* Activity
Every line of the data must be set down exactly as shown.

* Web page caption snippets
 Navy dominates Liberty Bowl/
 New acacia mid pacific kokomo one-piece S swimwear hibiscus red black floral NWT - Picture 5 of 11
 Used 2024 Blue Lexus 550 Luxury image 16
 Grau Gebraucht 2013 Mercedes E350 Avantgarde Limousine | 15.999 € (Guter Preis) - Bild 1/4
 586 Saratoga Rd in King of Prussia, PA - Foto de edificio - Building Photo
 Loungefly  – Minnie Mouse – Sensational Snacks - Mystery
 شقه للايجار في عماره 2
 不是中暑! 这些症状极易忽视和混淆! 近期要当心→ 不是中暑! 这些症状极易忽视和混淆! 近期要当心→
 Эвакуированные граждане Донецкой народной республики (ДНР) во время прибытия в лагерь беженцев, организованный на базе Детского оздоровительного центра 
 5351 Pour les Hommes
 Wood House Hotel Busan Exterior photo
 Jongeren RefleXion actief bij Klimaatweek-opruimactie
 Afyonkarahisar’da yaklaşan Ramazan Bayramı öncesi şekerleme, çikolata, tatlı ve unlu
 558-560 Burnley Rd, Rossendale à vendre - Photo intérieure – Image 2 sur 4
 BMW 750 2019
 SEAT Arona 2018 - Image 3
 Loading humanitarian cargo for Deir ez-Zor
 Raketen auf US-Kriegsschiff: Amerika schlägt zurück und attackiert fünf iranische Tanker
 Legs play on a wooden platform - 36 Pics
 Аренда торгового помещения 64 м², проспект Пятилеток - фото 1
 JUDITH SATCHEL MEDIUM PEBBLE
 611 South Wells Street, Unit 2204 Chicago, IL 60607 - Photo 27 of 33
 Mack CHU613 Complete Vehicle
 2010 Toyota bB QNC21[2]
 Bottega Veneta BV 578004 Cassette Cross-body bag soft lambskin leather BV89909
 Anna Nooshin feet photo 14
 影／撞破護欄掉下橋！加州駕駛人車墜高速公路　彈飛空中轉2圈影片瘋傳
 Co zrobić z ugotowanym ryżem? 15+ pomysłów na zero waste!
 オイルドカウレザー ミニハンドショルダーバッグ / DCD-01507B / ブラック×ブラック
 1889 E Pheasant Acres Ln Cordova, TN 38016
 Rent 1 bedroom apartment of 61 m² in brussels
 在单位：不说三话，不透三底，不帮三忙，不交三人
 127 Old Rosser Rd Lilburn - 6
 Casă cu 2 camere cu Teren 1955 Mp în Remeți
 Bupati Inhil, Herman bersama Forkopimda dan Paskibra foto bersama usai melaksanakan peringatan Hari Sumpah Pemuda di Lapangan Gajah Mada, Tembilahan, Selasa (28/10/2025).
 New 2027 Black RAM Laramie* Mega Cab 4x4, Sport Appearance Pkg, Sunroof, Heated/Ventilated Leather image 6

* Solution to this exercise
 Navy dominates Liberty Bowl/
 New acacia mid pacific kokomo one-piece S swimwear hibiscus red black floral NWT - Picture 5 of 11
 Used 2024 Blue Lexus 550 Luxury image 16
 Grau Gebraucht 2013 Mercedes E350 Avantgarde Limousine | 15.999 € (Guter Preis) - Bild 1/4
 586 Saratoga Rd in King of Prussia, PA - Foto de edificio - Building Photo
 Loungefly  – Minnie Mouse – Sensational Snacks - Mystery
 شقه للايجار في عماره 2
 不是中暑! 这些症状极易忽视和混淆! 近期要当心→ 不是中暑! 这些症状极易忽视和混淆! 近期要当心→
 Эвакуированные граждане Донецкой народной республики (ДНР) во время прибытия в лагерь беженцев, организованный на базе Детского оздоровительного центра 
 5351 Pour les Hommes
 Wood House Hotel Busan Exterior photo
 Jongeren RefleXion actief bij Klimaatweek-opruimactie
 Afyonkarahisar’da yaklaşan Ramazan Bayramı öncesi şekerleme, çikolata, tatlı ve unlu
 558-560 Burnley Rd, Rossendale à vendre - Photo intérieure – Image 2 sur 4
 BMW 750 2019
 SEAT Arona 2018 - Image 3
 Loading humanitarian cargo for Deir ez-Zor
 Raketen auf US-Kriegsschiff: Amerika schlägt zurück und attackiert fünf iranische Tanker
 Legs play on a wooden platform - 36 Pics
 Аренда торгового помещения 64 м², проспект Пятилеток - фото 1
 JUDITH SATCHEL MEDIUM PEBBLE
 611 South Wells Street, Unit 2204 Chicago, IL 60607 - Photo 27 of 33
 Mack CHU613 Complete Vehicle
 2010 Toyota bB QNC21[2]
 Bottega Veneta BV 578004 Cassette Cross-body bag soft lambskin leather BV89909
 Anna Nooshin feet photo 14
 影／撞破護欄掉下橋！加州駕駛人車墜高速公路　彈飛空中轉2圈影片瘋傳
 Co zrobić z ugotowanym ryżem? 15+ pomysłów na zero waste!
 オイルドカウレザー ミニハンドショルダーバッグ / DCD-01507B / ブラック×ブラック
 1889 E Pheasant Acres Ln Cordova, TN 38016
 Rent 1 bedroom apartment of 61 m² in brussels
 在单位：不说三话，不透三底，不帮三忙，不交三人
 127 Old Rosser Rd Lilburn - 6
 Casă cu 2 camere cu Teren 1955 Mp în Remeți
 Bupati Inhil, Herman bersama Forkopimda dan Paskibra foto bersama usai melaksanakan peringatan Hari Sumpah Pemuda di Lapangan Gajah Mada, Tembilahan, Selasa (28/10/2025).
 New 2027 Black RAM Laramie* Mega Cab 4x4, Sport Appearance Pkg, Sunroof, Heated/Ventilated Leather image 6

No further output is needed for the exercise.